Teaching staff support –reassurance and guidance, weekly meetings with head of year, re-starting the school year, 1 : 1 subject teaching, new friendship group, counselling, exam access arrangements, and school taking the time to understand the holistic nature and impact of ABI. (P20)

Some parents highlighted the role of one-to-one support: “having a TA (teaching assistant) . . . work solely with him . . . helped with communication and they know what signs to look for when he becomes fatigued or losing concentration” (P22).

3.4.3.3. ABI aware schools 57% of parents highlighted the impact of a school’s depth of knowledge and understanding of ABI on the nature and efficacy of educational support, noting a link between a “lack of understanding in handling change of behaviour and . . . of support / interest / action by the school” (P23). While the role of specialists in giving detailed information about a CYP’s neurorehabilitation progress and new needs is identified in a previous theme, this subtheme of ABI aware schools acknowledges the responsibilities schools have to proactively deepen their knowledge of ABI to support RtE. P29 requested staff to:

. . . please research as much as you can to provide the best support and not to be afraid of being honest about particular doubts and concerns . . . I would have preferred honesty instead of avoidance and putting obstacles in my child’s way to return to school. (P29)

P22 wished all educators working with students with ABI would “gain knowledge and understanding of how an ABI can affect a child’s learning and the day to day struggles for them and their whole family”, and P19 noted inconsistencies in awareness between those who had received training and those who had not: “some [staff] are brilliant, some think he is just being naughty like others in the class”. Parents felt a deeper understanding of ABI would help teachers appreciate the need to “give them time” (P3), with “an abundance of patience and not always adhering to social norms” (P22). The need for this empathetic approach towards CYP with ABI during RtE was eloquently described:

This is very confusing for the pupil, more challenging than they let on. So be more empathic as this could easily be your child so treat and support these pupils how you would want your own child to be treated and supported. (P16)

3.4.4Talk and share

Parents emphasized the importance of communication between hospitals, parents, and schools as well as amongst teaching staff, with this theme acting as a foundation to all other identified themes.

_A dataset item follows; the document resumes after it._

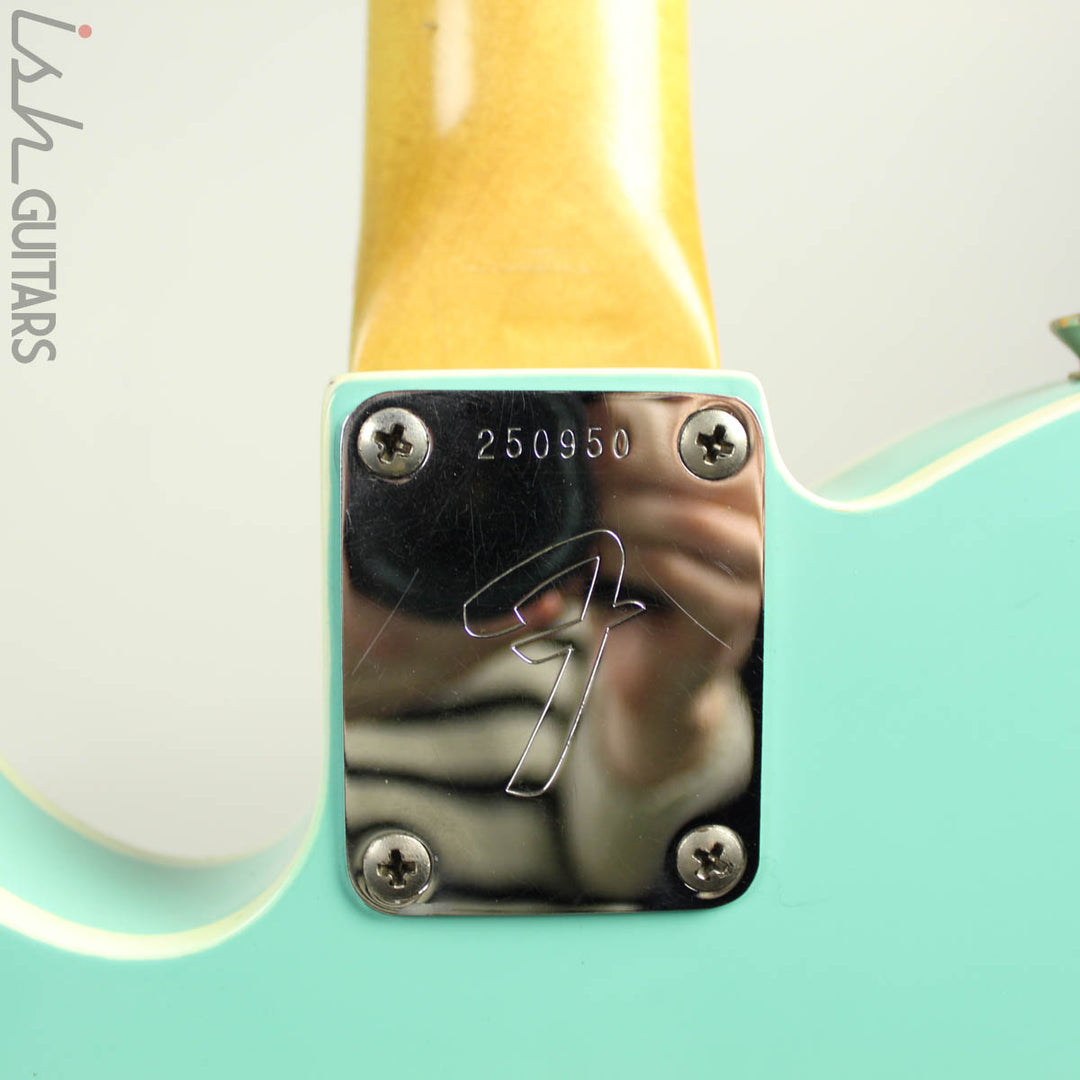 1968 Fender Telecaster Custom Refinished Teal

3.4.4.1. Hospital to school transition The impact of poor communication during RtE was highlighted starkly by one parent, whose CYP was not initially referred to BIS or BRILL:

. . . there should have been some direct communication between hospital and school. School knew nothing about what had happened or what should be in place and simply relied on asking us what they needed to do. (P10)

Others, however, felt well supported, encouraging educators to communicate with “hospital staff to find out what help is available within the NHS, they are amazing and offer support beyond diagnosis” (P14).

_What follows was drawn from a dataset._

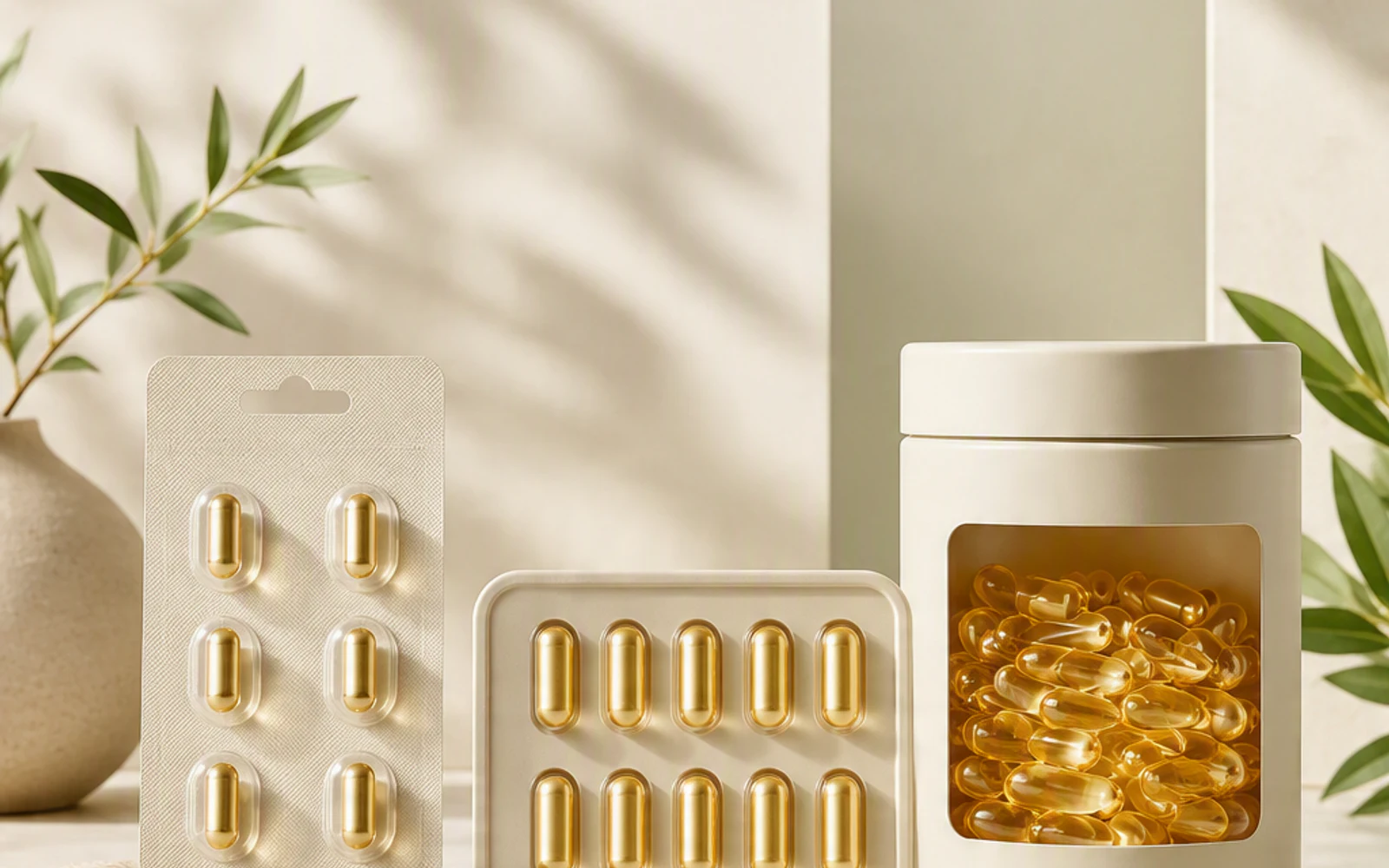 Cleansing capsule packaging selection guide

3.4.4.2. Communication with and within school The need for strong, open communication between parents and schools was also important, with P10 commenting that “lots of contact and communication is vital”; conversely, parents found RtE extremely stressful when there was “little communication from school” (P15). Where possible, many parents recommended keeping channels of communication open and working alongside the school to ensure their child’s needs were being met: “Make sure you communicate with school and keep checking in with your child that they feel they are being listened to and adequately supported” (P27); “Keep communication open with the school and don’t be afraid to speak up for your child remember...you know them best” (P2). One parent also believed:

Communication and cooperation with school is key. Be brave and don’t let your anxiety transfer to your child. Work with the ABI support teams to deliver advice to school. Be informed and draw on the information about ABI . . . Look after yourself! (P20).

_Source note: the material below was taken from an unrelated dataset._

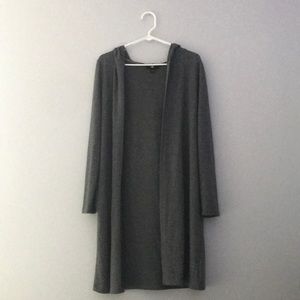 Grey cardigan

One particular challenge highlighted was internal school communication, with one parent describing how, “he has up to 10 teachers per day and no one seems to communicate with each other to understand him” (P7). Reflecting on the time since their CYP’s ABI, parents emphasised the fundamental importance of communication on transition between schools, with some parents noting risks:

For secondary school –making sure the right information is handed over from primary school but again I had to request a meeting with safeguarding lead to make sure they were aware of my child’s difficulties. (P18)

3.4.4.3. Talking, talking, talking! Several parents also acknowledged the importance of communication in supporting their own and the CYP’s adjustment following ABI, including during RtE. One recommended, “Talk (find safe people to talk to) about how you feel and what you are going through. Allow your child to do the same” (P2). Parents recognised the importance of “Talking, talking, talking. Letting him know it’s OK to feel the way he feels” (P2), and of using this to “still have some banter in order to make them realise they are still the same child as they were before” (P15).

3.4.5Challenges of new and hidden needs

Foundational to RtE approaches, the often ‘hidden’ nature of new needs linked to ABI was a clear theme within parent responses, and the challenges these needs created when not always evident to others.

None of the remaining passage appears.